:: Work task ::
Your copy should match the records exactly, except that it contains no pictures.

:: The data ::
::::

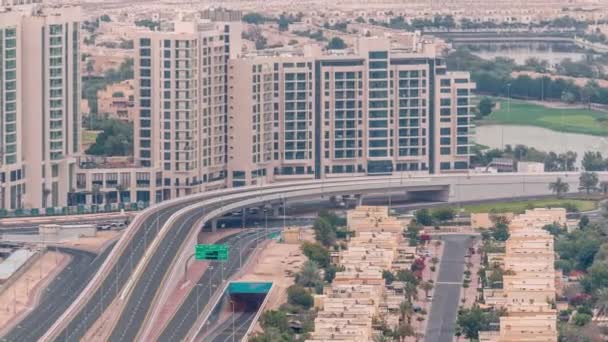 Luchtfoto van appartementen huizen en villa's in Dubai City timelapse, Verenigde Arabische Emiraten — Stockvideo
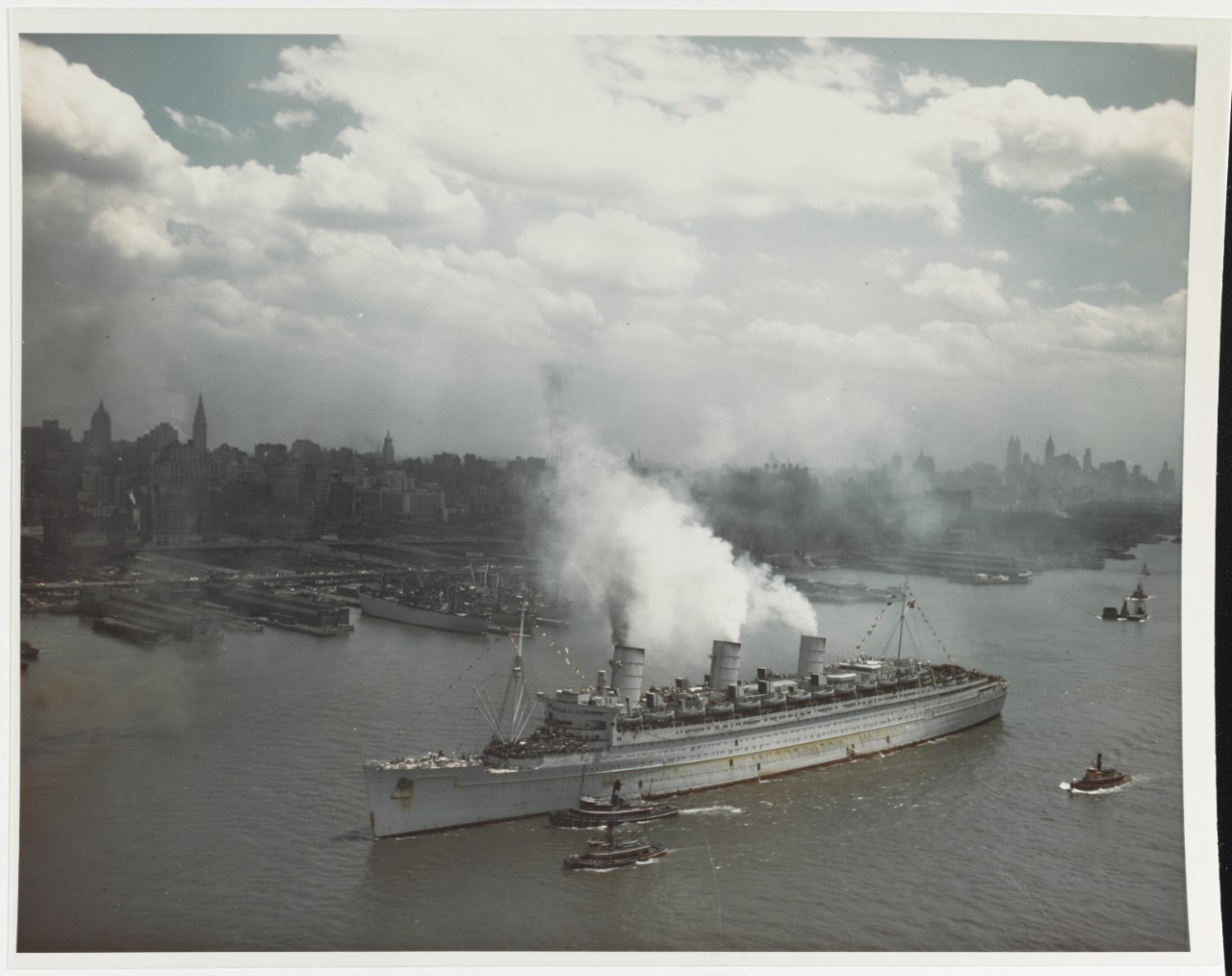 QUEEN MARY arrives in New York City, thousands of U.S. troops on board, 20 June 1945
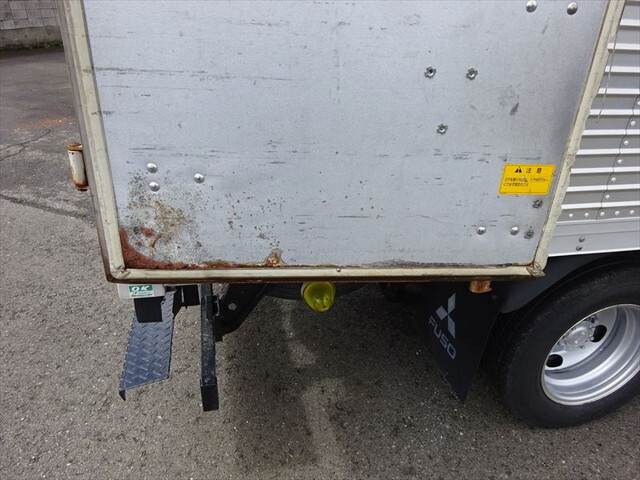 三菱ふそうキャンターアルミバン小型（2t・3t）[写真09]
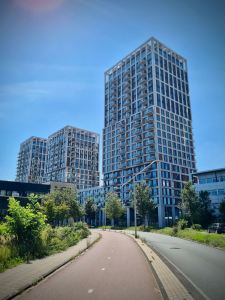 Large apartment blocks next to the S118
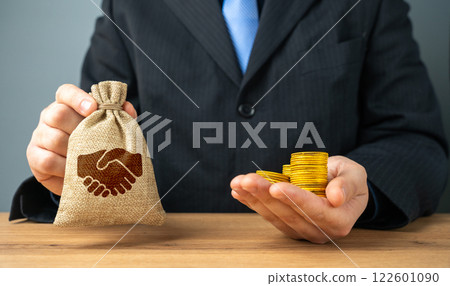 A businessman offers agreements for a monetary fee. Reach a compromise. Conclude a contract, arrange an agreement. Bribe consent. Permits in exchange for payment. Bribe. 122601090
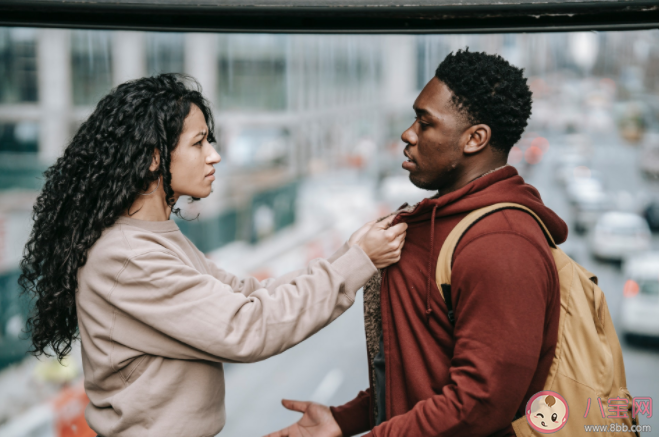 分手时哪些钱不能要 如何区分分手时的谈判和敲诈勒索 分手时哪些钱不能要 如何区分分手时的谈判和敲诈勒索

::::

:: Response area ::
 Luchtfoto van appartementen huizen en villa's in Dubai City timelapse, Verenigde Arabische Emiraten — Stockvideo
 QUEEN MARY arrives in New York City, thousands of U.S. troops on board, 20 June 1945
 三菱ふそうキャンターアルミバン小型（2t・3t）[写真09]
 Large apartment blocks next to the S118
 A businessman offers agreements for a monetary fee. Reach a compromise. Conclude a contract, arrange an agreement. Bribe consent. Permits in exchange for payment. Bribe. 122601090
 分手时哪些钱不能要 如何区分分手时的谈判和敲诈勒索 分手时哪些钱不能要 如何区分分手时的谈判和敲诈勒索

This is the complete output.